Source data>
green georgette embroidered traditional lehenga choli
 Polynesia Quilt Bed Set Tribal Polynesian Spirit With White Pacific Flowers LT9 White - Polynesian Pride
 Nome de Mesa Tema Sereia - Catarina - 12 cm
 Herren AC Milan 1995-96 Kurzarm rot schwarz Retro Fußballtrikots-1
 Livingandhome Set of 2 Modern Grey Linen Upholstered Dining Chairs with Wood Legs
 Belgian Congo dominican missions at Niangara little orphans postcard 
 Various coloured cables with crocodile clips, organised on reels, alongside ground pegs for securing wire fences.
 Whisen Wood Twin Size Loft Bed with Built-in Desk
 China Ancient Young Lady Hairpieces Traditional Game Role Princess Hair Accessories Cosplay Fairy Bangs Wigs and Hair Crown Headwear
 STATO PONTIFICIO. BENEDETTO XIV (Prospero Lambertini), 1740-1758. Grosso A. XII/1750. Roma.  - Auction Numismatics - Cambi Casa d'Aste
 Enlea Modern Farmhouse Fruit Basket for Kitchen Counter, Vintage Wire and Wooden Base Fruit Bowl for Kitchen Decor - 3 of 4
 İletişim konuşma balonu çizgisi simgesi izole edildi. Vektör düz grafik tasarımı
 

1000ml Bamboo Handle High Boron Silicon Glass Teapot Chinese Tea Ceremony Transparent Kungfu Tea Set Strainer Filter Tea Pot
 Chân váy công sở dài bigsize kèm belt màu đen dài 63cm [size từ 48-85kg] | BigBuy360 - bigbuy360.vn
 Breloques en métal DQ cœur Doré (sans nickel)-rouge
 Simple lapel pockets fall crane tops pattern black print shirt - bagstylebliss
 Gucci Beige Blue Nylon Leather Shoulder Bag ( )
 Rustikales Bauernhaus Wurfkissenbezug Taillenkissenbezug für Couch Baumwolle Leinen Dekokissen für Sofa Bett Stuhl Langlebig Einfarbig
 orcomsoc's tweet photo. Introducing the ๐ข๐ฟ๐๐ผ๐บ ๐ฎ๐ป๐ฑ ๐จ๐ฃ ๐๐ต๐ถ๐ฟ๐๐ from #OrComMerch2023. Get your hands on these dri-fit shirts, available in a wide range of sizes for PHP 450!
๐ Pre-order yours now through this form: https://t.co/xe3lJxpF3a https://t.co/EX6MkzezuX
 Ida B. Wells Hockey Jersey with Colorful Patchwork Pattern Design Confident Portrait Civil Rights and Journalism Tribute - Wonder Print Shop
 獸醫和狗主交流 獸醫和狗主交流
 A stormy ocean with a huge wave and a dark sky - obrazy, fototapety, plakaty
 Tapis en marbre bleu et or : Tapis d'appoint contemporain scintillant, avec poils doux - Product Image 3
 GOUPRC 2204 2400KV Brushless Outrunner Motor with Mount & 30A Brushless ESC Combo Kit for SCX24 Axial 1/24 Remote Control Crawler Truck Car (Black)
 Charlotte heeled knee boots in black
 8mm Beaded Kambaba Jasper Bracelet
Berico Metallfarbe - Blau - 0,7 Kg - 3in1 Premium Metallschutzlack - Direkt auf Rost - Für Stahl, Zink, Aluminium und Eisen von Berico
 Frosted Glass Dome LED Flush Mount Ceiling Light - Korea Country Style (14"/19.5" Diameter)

Action item> Respond with an exact reproduction of the lines running from the one that contains "Ida B. Wells" through the end of the material.

Your response>
 Ida B. Wells Hockey Jersey with Colorful Patchwork Pattern Design Confident Portrait Civil Rights and Journalism Tribute - Wonder Print Shop
 獸醫和狗主交流 獸醫和狗主交流
 A stormy ocean with a huge wave and a dark sky - obrazy, fototapety, plakaty
 Tapis en marbre bleu et or : Tapis d'appoint contemporain scintillant, avec poils doux - Product Image 3
 GOUPRC 2204 2400KV Brushless Outrunner Motor with Mount & 30A Brushless ESC Combo Kit for SCX24 Axial 1/24 Remote Control Crawler Truck Car (Black)
 Charlotte heeled knee boots in black
 8mm Beaded Kambaba Jasper Bracelet
Berico Metallfarbe - Blau - 0,7 Kg - 3in1 Premium Metallschutzlack - Direkt auf Rost - Für Stahl, Zink, Aluminium und Eisen von Berico
 Frosted Glass Dome LED Flush Mount Ceiling Light - Korea Country Style (14"/19.5" Diameter)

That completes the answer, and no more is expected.